Immigration and Customs Law enforcement officers began to file migrants late Sunday at a local bus station without warning local shelters that usually host large groups after requesting asylum and security. who were released by federal agents.

About 200 people arrived on Sunday and about 200 others arrived on Monday – the total number could exceed 800 by Wednesday, according to Beto representative O 'Rourke, D-El Paso.

Normally, ICE would alert the Annunciation House, a local shelter that has hosted tens of thousands of migrants and is located in several places in this border town. But that did not happen Sunday night, said O & # Rourke.

"Our challenge is that, until now, ICE has not been able to give us enough time to prepare these beds so that migrants are not sitting on the sidewalk, nor on parking or in a bus station. " or on a Sun Metro bus, "said O Rourke to reporters in the parking lot of a local park one block west of the bus station.

Rep. Beto O. Rourke
William Philpott / Reuters

O. Rourke stated that when the shelters are full, a coordinated effort was put in place with the office City emergency management to set up temporary shelters and ICE generally give local responders 24 hours notice.

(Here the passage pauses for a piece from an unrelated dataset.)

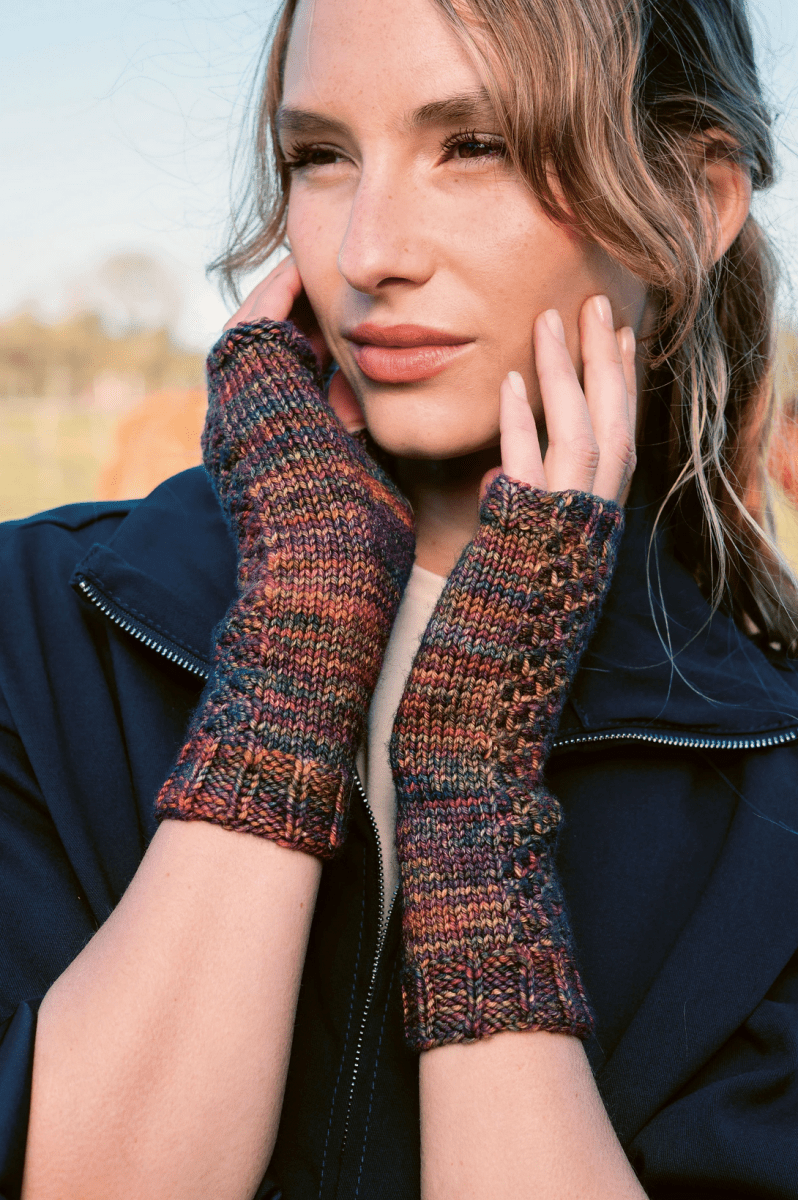 A woman in a dark jacket poses outdoors, showing off her loose waves and wearing Timeless Knits, Malabrigo fingerless gloves by Malabrigo Yarn—vibrant knit accessories crafted from hand-dyed yarn.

Shelters have reached their maximum capacity, but volunteers and workers can usually find temporary housing elsewhere if they are warned sufficiently in advance.

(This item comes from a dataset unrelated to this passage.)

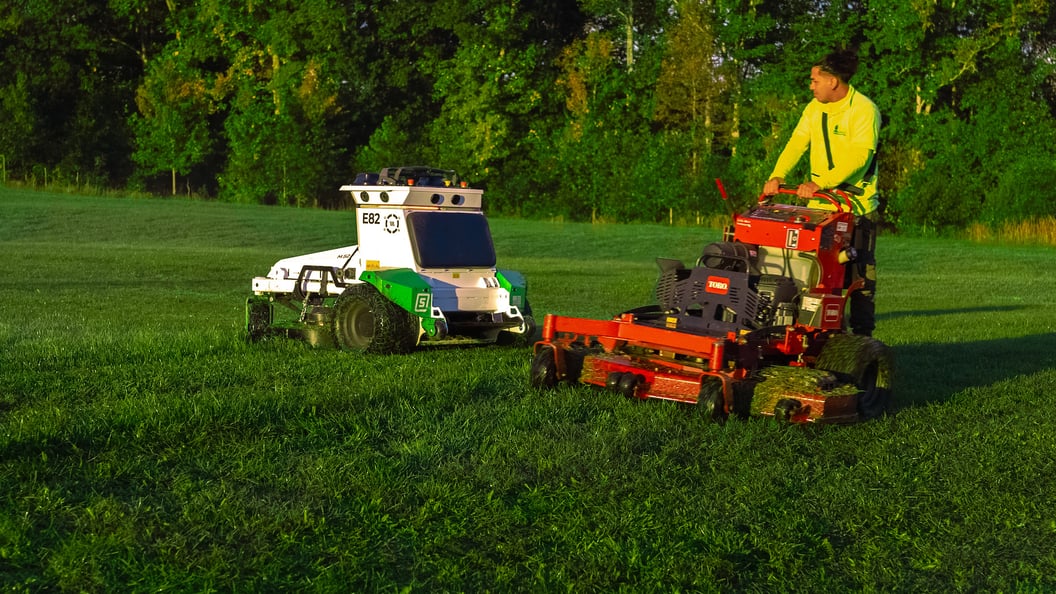 Athletic field robotic mower crew mowing skythe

The fallout comes as the government is putting an end to a dispute in the US Congress on financing of the presidential border wall project Donald Trump ICE did not immediately respond to a request for comment on Monday and it is unclear what role the stop has played in the situation.

The El Paso area of ​​the US Border Patrol, the agency that greets migrants when they arrive in the United States between entry points, announced Friday that its Public information offices would not be available during the closure. In October, ICE released more than 200 asylum seekers on the streets of El Paso after stating that the agency could no longer hold them for more than a few days.

O & # 39; Rourke stated that he and his team were in contact with ICE and the Customs and Border Protection offices and were doing their utmost to ensure that the migrants were placed in shelters or hotels – at least temporarily – until they head to their final destinations.

"I know that the people who work with ICE, CBP and Annunciation House want to do what is right, and I hope that the conversations we have had and that we will have, we can do the right thing."

While she was huddling with her 2-year-old son Marcelo at the downtown firefighters memorial park, Mariel Mendez, 28, said she was not sure of his next move.

"We hope to be able to call our family in Tennessee," she said in Spanish. "But until now, we have not heard anything, they simply dropped us off". The two men traveled for a month by bus from Honduras before arriving in Ciudad Juárez, Mexico, before crossing the Rio Grande and surrendering.

Mariel Mendez, 28, sits with her son in a park in downtown El Paso on Christmas Eve 2018. Asylum seekers from Honduras, who ate food provided by volunteers, were part of a group of hundreds of ICEs released at a bus station.
Julián Aguilar / The Texas Tribune

. 19659002] On the Facebook page of the Annunciation House, officials said they had been able to house migrants arriving Sunday through its network of volunteer partners. He asked the public for cash donations, food and new clothes.

On Monday afternoon, it was clear that the call was being made because several El Pasoans were arriving near the bus station with food, water, clothes and soft toys for the children .

"We went to Sam's house earlier today to buy a whole range of food, but that was not enough," said El Pasoan Javier Grajeda. "So we had to go get some dollar burgers at McDonalds."

Grajeda, an oilfield engineer working in Midland, said he might be late for his Christmas Eve dinner, but he could not turn his back on his community. The cold weather – forecasts predict a minimum of 40s Monday night – is also a concern, he said.

"We brought some blankets but that's not enough," he said. "It's not fair that they do this in such a short time.There are volunteers, but they need enough time" to act.